Dog Joint Pain

Dog joint pain can impact your pet's life in many negative ways. Mild joint pain in dogs can lead to difficulty with basic movements, while severe joint pain can virtually paralyze your pet, limiting his movement and making it difficult and painful to get up or sit down. Dog joint pain can be indicative of several different conditions, and while some joint pain is common as your pet ages, severe or premature joint pain may be due to a treatable condition. As such, it is important that you be aware of your pet's joint health and that you monitor him carefully for signs of discomfort or pain as he ages.
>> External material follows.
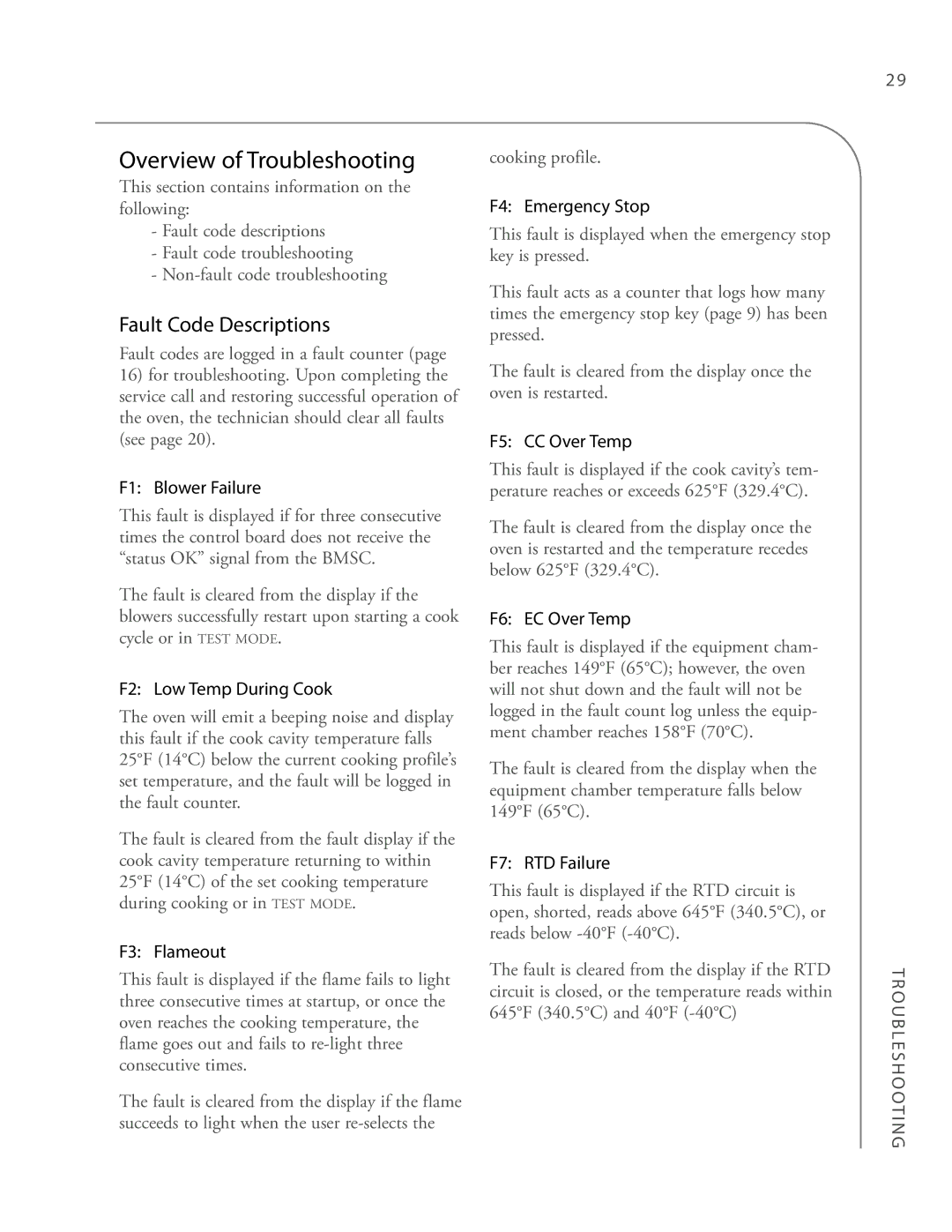 Turbo Chef Technologies 3240 manual Overview of Troubleshooting, Fault Code Descriptions, Cooking profile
Causes and Symptoms of Dog Joint Pain

As your dog ages, his joints and bones begin to weaken. This is a natural process, although you can help to remedy your dog's pain as you notice it. Diseases and conditions such as arthritis, bone cancer and rheumatism can contribute to canine joint pain as well. In still other cases, dog joint pain can be due to insufficient nutrition, obesity, genetic causes or other injuries. Diagnosing the source of your pet's joint pain, therefore, depends upon a thorough analysis of his symptoms. Before you take your dog to a veterinarian, take note of any of the following symptoms:

  • Reluctance to jump or play
  • Difficulty walking
  • Walking with unusual gait or posture
  • Slowness or difficulty while sitting down or standing up
  • Whining or crying out while moving
  • Tenderness to the touch
  • Swelling around the joints

Diagnosing Dog Joint Pain

Although the diagnosis of dog joint pain is, of itself, a relatively easy process, it can be much more difficult to pinpoint the source of your dog's discomfort. Your vet will likely conduct a thorough physical exam to look for other symptoms. He might also conduct a series of x-rays to locate the source of the pain. Finally, he will review your pet's medical history and home life to investigate your pet's diet, exercise and other potentially complicating factors.

Treating Dog Joint Pain

Canine joint pain can be alleviated through anti-inflammatory drugs and pain relievers. These reduce swelling and inflammation, and ease your dog's pain. Your vet might also prescribe adjustments to your pet's home environment and lifestyle. For instance, your pet could benefit from increased exercise or a different diet. These treatment methods are intended to improve your pet's overall health over the long term, and will not immediately relieve his pain and discomfort.

While dog joint pain can negatively impact your pet's life, it is a condition that may be moderated with medicines and lifestyle changes. The first step toward alleviating your pet's pain is to recognize the symptoms and warning signs of joint pain. If you have any other questions regarding these symptoms or your pet's specific situation, consult with a veterinarian.